Part e: The instruction fetch stage of the pipeline in the above system is an interesting finite state machine with the following inputs:
- src data valid (src bus grant or src cache hit)
- dst data valid (dst bus grant or dst cache hit)
- stall request (from later pipeline stages)
and the following outputs:
- src read request (to src bus)
- dst read request (to dst bus)
- instruction register valid (to later pipeline stages)
Describe this finite state machine in more detail.
Background: Many cryptographic algorithms require very long integers -- it is not uncommon to speak of doing arithmetic on 1024 bit words! If we build a computer with such a large word size, this will be wasted for most purposes. Consider, therefore, building a shared memory multiprocessor where the CPUs can operate independently on 32 bit words, or they can be joined in pairs, quads octets or larger groups to operate on larger words.
A naive but wealthy investor says: "All we need to do is enable carry propagation between the the ALU's in the operate stages of the pipelined CPUs, and then have all of them jump simultaneously to the code that performs high precision integer arithmetic. From then on, the processors will operate in lock-step, until they execute the instruction that ends the connection."
Part a: Assuming there were no other problems with this proposal, it would work for some arithmetic operations and not for others. Which common arithmetic operations cannot be made into extended precision arithmetic operations by this scheme.
Part b: What features of modern pipelined architectures in the context of a shared-memory multiprocessor make it unlikely that the processors will stay in lock-step. What additional logic must be added to the interconnection between the processors to make this scheme work?
Background: Consider the following alternative to a 2x2 crossbar switching element for use in building scalable multiprocessors using a banyan interconnect topology
```
	                      |
	From client ----o-----x-
	              __|__   |
	             |cache|  |
	             |_____|  |
	                      |
	From client ----o-----x-  _________
	              __|__   |  |recognize|
	             |cache|  o--| Address |--- To server
	             |_____|  |  |__xx0xx__|
	                      |   _________
	                      |  |recognize|
	                      o--| Address |--- To server
	                      |  |__xx1xx__|
```
Assume that the recognize address logic can be set to test exactly one bit of the address in order to route a bus cycle to one or the other of the two server-side memory busses.
Part a: If we have 2ⁿ CPU's and 2ⁿ memory modules, how many caches does this imply, and how many different caches may be checked when a CPU references some specific memory location?
Part b: Assume simple write-through caches.
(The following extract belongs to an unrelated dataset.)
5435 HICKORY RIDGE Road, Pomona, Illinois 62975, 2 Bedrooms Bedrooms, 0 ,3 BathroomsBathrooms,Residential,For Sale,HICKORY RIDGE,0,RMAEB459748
What kinds of applications will work on this multiprocessor, what kinds will fail, and why?
Part c: A critic of this architecture says "When a CPU reads a word from some memory location, a copy of that word will be cached in every cache between that CPU and the memory. Therefore, if we describe the switching network in terms of n layers of caches, the aggregate contents of the cache in each layer will be the same, although the division of data between caches within each layer will differ from layer to layer." The critic is wrong. Explain.